Le réalisateur espagnol annoncé dans ma toute dernière chronique d'avant-pause ? Bravo si vous avez trouvé: c'était Rodrigo Sorogoyen. J'ai ENFIN pu rattraper son film présenté à Cannes 2022: As bestas. Un thriller rural d'excellente facture, qui vient confirmer le Madrilène comme l'un des grands du cinéma européen. Oui, je pèse mes mots...

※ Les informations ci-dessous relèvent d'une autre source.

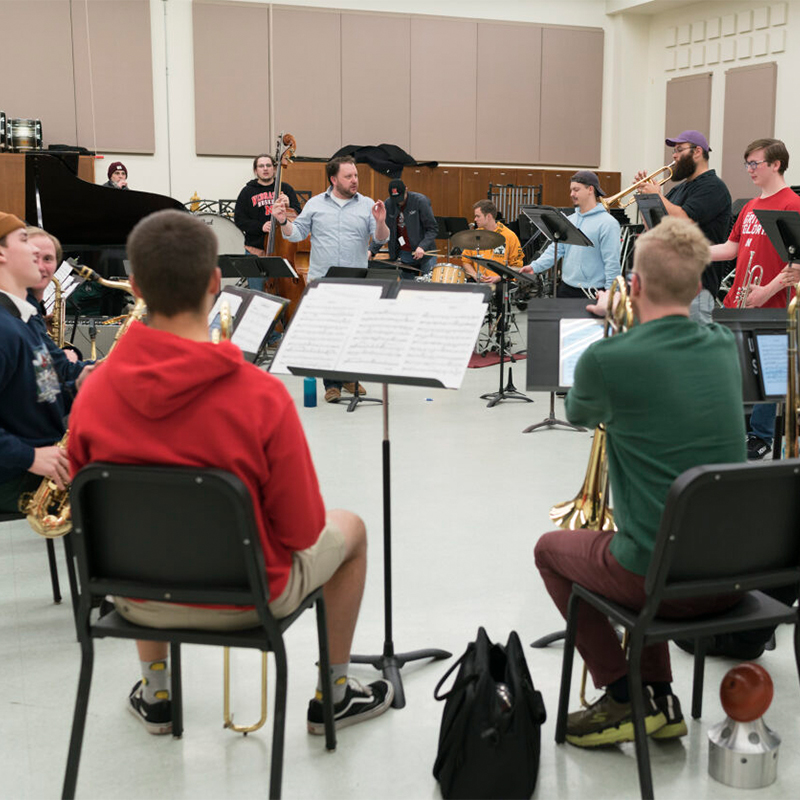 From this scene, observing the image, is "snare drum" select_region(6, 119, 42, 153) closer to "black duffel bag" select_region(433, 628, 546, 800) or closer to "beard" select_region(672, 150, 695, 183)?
"beard" select_region(672, 150, 695, 183)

Français d'une cinquantaine d'années, Antoine s'est installé en Galice pour cultiver des légumes bio et retaper quelques vieilles maisons abandonnées. Appât du gain ? Non: il paraît plutôt avoir quitté la ville dans l'espoir de se construire une (plus) belle vie, tout simplement. Avec sa femme Olga, il a refusé de vendre ses terres à un consortium norvégien, qui avait l'ambition d'y implanter un parc d'éoliennes. Surprise: cela a fâché ses voisins immédiats, lassés d'une existence ingrate au contact d'une nature qui, belle, est aussi inhospitalière. L'efficacité d'As bestas tient d'abord à la tension croissante ainsi mise en place, et ce grâce à un scénario implacable que Rodrigo Sorogoyen cosigne d'ailleurs avec Isabel Peña, sa complice en écriture habituelle. Que le film permette une collaboration d'artistes français et espagnols est très réjouissant: l'immense talent de Denis Ménochet fait oublier sa corpulence et le montre en homme fragile, à la merci d'étrangers fermés à toute organisation sociale et moeurs autres que les leurs. Jusqu'où cela le mènera-t-il ? C'est un enjeu du film, mais pas le seul !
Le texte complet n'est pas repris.